Thursday, August 2, 2012

Amazon Joins Walmart in Push for Online Sales Tax

Timothy Carney explains:
Congressmen in both parties want you to pay more taxes on your online purchases, and once again, big business is lobbying for bigger government, which would hurt Mom and Pop.

Online sales taxes have been a battlefield for lobbying titans for years, pitting Walmart and the rest of the brick-and-mortar retail lobby against Amazon and other online retailers. But now Amazon has changed its business model and also its lobbying position, joining the rest of the retail giants in calling on Congress to aid states in collecting sales tax from online sales.
Here's Carney on why Amazon is pro-internet tax:
The bipartisan lobbying effort has yielded fruit this year in the "Marketplace Fairness Act." Under this bill, if you buy something online, you pay a sales tax. Retailers, meanwhile, will have to collect sales taxes for every state where they have customers, even if the retailer has no physical presence there.

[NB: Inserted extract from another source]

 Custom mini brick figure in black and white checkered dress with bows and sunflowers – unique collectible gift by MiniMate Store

This is often how tax legislation gets passed: powerful interests hire revolving-door lobbyists to push for taxes on their clients' competitors. For over a decade, such online sales-tax bills have faltered in Congress, largely because they had a powerful opponent in Amazon.

But this year, Amazon switched teams, joining Walmart on the pro-tax side -- not out of some newfound concern for "marketplace fairness," but because Amazon's business model is changing in such a way that now Amazon stands to benefit from this tax.

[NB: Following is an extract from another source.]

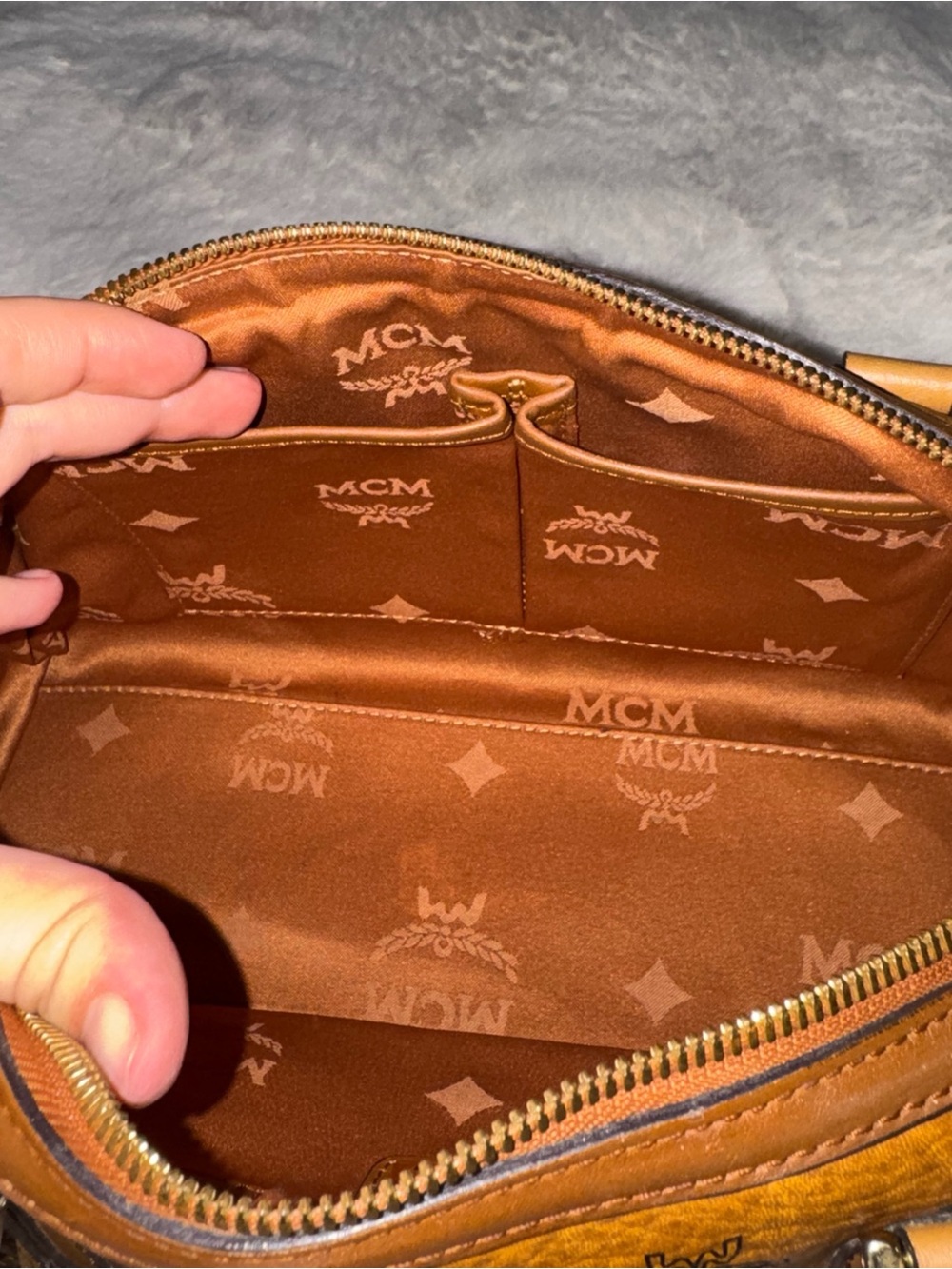 MCM Cognac and Brown Visetos Dome Satchel - Picture 6 of 7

In order to provide faster shipping, Amazon is building warehouses throughout the country. These warehouses constitute a "physical presence," which requires them to collect sales taxes, in any event. So, if Amazon is going to have to collect sales taxes under the existing "physical presence" doctrine, it may as well try to expand online sales taxes to whack its smaller competitors who don't have a 50-state network of giant warehouses.
The entire Carney analysis is here.


  1. Not that these are the biggest abuses in the system, but does one need a more obvious example of:

    1) When it comes to the interests of big business as opposed to small business or the individual, Washington knows only one tune.

    2) Big business hates competition, and Washington accommodates by passing laws limiting competition.

  2. It is such a shame to see this happen, as Lew Rockeell has pointed out many times, is a giant of capitalism that truly serves the highest needs of the customer.

    Nothing good can come of Amazon making a deal with the devil, as Tibor Machan pointed out in his article 'Business vs Business':

    "That business people do not realize how dear a price they are paying for the relief government gives them indicates that they are no less savvy concerning the relationship between politics and business than are academic left wingers who advocate out and out socialism. Marx was wrong–people in business are in fact insufficiently self-interested!"

  3. I may have just made my final Amazon purchase, ever.

  4. In the end Amazon is just following the capitalist mantra. The reality is that as long as the government can be influenced by anything other than its constituents the government will be a problem. Voting with your money goes a lot farther in the US than voting with your voice.

  5. Basic Human Action.

    The only solution is to make the government powerless, which seems impossible. The politicians (and the president is a politician) have no interest in reducing their power (save the few Ron Paul, Amash, etc.).

  6. Has anyone else here noticed how silent LRC is on this topic?